Avivah LitanThere’s lots wrong and right about PCI but one of the wrong parts that infuriates me the most comes up often on the phone with companies that have received letters from their banks, telling them they must become PCI compliant by X date or else they will be fined.
Here’s the catch – each of these letters recommends they work with a specific QSA (Qualified Security Assessor) to get their PCI compliance underway. The bank letters don’t say anything to their customers about how to evaluate an assessor, or how to obtain their own PCI assessment training, or how to get up to speed on PCI, or how to prioritize their compliance efforts, or anything else that’s really useful. Just a letter telling them to work with one specific assessor and that’s it.
You have to wonder if this specific assessor is the one who figures out who to send the letters to, and if they draft the letters themselves on behalf of the bank.
The credit card industry needs to clean up its act. It needs to maintain independence from vendors and not recommend sole sourcing of assessors. It also needs to forbid assessors from selling remediation and security services. We learned the need to separate audits from remediation and operations the hard way during the Enron scandal. Why is it so hard for the credit card industry to apply those lessons to its own enforcement of PCI?
This type of conflict-of-interest activity should be stopped. At a minimum, companies who have to comply with PCI should never hire an assessor without evaluating a few of them, and should look for an assessor that is only providing audits – and not trying to sell the remediation and security services that will presumably make the company PCI-compliant.
It’s common sense.
John Pescatore and I wrote a note on this subject in August 2007 – more than three years ago, in case you want to check it out: “The Payment Card Industry Must Disentangle PCI Assessments From Remediation.” Obviously these common-sense arguments fall on deaf ears.
Category: Uncategorized Tags: symposium
2 responses so far ↓
1 Mark Bower October 6, 2010 at 8:24 pm
Avivah,
I think you’ve raised a really important point that needs some additional consideration and guidance now. A few years ago there was a smaller population of organizations that could provide advice and assess a PCI compliant implementation – consequently it was harder to separate the assessors/advisor roles in solving hard deadline PCI challenges.
However, the PCI Council has done a great job in training up a large number of QSA’s to date – the presentations at the PCI Council event in Orlando attested to this success.
So now we have lots of choice – and there’s no excuse to not enforce the independence criteria which is so critical to the integrity of the program. This is particularly acute as there are clearly some firms who are not just reselling solutions, but providing their own services and technology and assessing at the same time, or establishing sister companies that are clearly vehicles for margin/kick backs on products and services – thats a road the industry should not go down. Those seeking assessor services should really look under the hood of the companies they are acquiring services from to avoid being victims of vested interests.

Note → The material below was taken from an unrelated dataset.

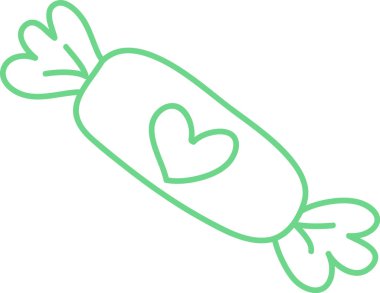 Wrapped candy with heart emblem drawn in smooth outline, skewed angle and loose strokes. Symbol of love, sweetness, gift, and gratitude for greeting and branding. Cartoon vector illustration.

I look forward to additional guidance on this – its timely. PCI has overall be very successful to those that embrace it – we held an event recently on this topic with 26 executives from top global retailers – the positive aspects of PCI compliance resonated unanimously. It would be a shame to see this success marred by self interests of assessment firms. We’ve already learned the lesson from the auditor-advisor-provider disasters in the past – Enron and others. This should be easy to avoid again.
Regards,
Mark
2 Avivah Litan October 6, 2010 at 9:45 pm
Well said Mark. Thanks for the input.